In this drama, two scientists combine efforts to dig up possible artifacts and clues from the past that will better clarify the events that transpired that December in 1531. In order to sift fact from fiction, backed by a grant, they go to study this phenomenon. Though they go to find hard facts, they actually find that their hearts are moved by the stories they discover. As the story goes, Juan Diego was visited by an angelic being, which spoke to him and identified herself as belonging to the very true deity. This was his first encounter. Juan later went to Fray Juan de Zumarraga and told his story, but Juan didn’t believe him. Juan Diego went back to the hill and saw another apparition and she told him to keep asking him to believe him. Going back a second time, the fray told him to ask for a sign from this apparition to prove who she said she was. That same day he goes back to the hill and she appears to him assuring him that it will happen. The sun rises on the third day since he first started seeing this being on the hill, and he gets word that his uncle is so sick, that he may be near death. He goes to him, but on his way, the woman again appears to him and asks where he’s going. Juan Diego explains and she replies with a famous saying, Am I not your mother, and aren’t I here with you? After assuring him of his uncles’ recovery, and upon her instructions for gathering flowers that were in the area, Juan Diego went to the fray and reported what happened. The flowers were stored up in his cloak but when he opened it and the flowers fell, they fell revealing the image of Guadalupe.
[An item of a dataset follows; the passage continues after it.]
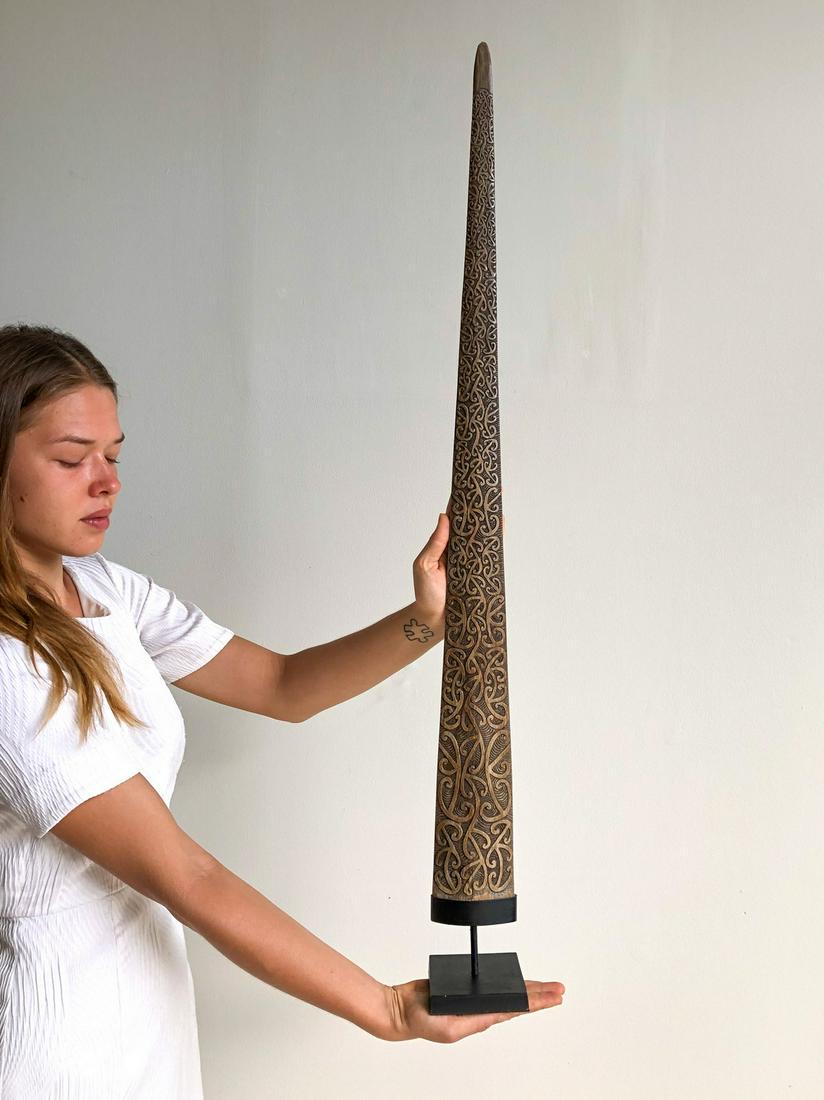Carved swordfish tusk - Maori Mangapore: Title: Carved swordfish tusk - Maori Mangapore Maker: Unknown Origin: Indonesia Date/Period: 2021 Materials: Bone, Steel, Xiphias Gladius Dimensions: Height including stand: 103.5 cm / 40.7 inches Des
In times past there had been barbaric images and recent vicious wars played out within the country. This was a much more soothing idea and image than the rest, and was a welcome reprieve. In place of victimization and images that portrayed cycles of violence, here came an image of a caring mother.
There are critics for sure of these progressions of events, the most troubling one being the miraculous fabric that showed the Lady Guadalupe. I suppose before asking the “how could that have even happened” I must admit, that’s why it may be called a miracle.
The director shared that in the making of this story great lengths were taken to make sure the events of the story were told accurately. He worked closely and diligently with clergymen in Mexico as well as collaborating with the Institute of Guadalupan Studies. Avoiding error and mistakes in this retelling was a top priority for director Santiago Parra. The Cardinal of Mexico City has endorsed this movie praising the creators for putting such a film in close reach to the public.
Whether one is able to study the archaeological facts or disprove the story of Juan Diego, one thing cannot be ignored, the significance this story has had on Catholic culture the world over. The Mexican Catholic Church has adopted her as their official symbol, millions of people visit the Church of Guadalupe in Mexico City, praying to her, asking her to pray for them. It has created a movement of unity, a common point of interest over an entire continent. That is not easily performed, and some would say it is because it was an act of God that it succeeded like this. The story’s authenticity aside, when you start talking about the mother of Guadalupe you are cutting to one of the cores of Mexican culture. A bond of belief that I think most Mexican Catholics would agree on having.
This film is for anyone who is curious about the Lady Guadalupe, whether they know much about her, or have just learned of her and want to know more. This is a good Christian family film that hones in on a cultural centerpiece that may not be your own, but is immensely beneficial to watch nonetheless.
Guadalupe was released December 8, 2006 by Dos Corazones Films. It was directed by Santiago Parra and written by Roberto Girault, Alfonso Gutierrez, and Adrian Posse. This film was rated PG for mature discussions. It received 6.1 stars out of 10 from IMDb.com.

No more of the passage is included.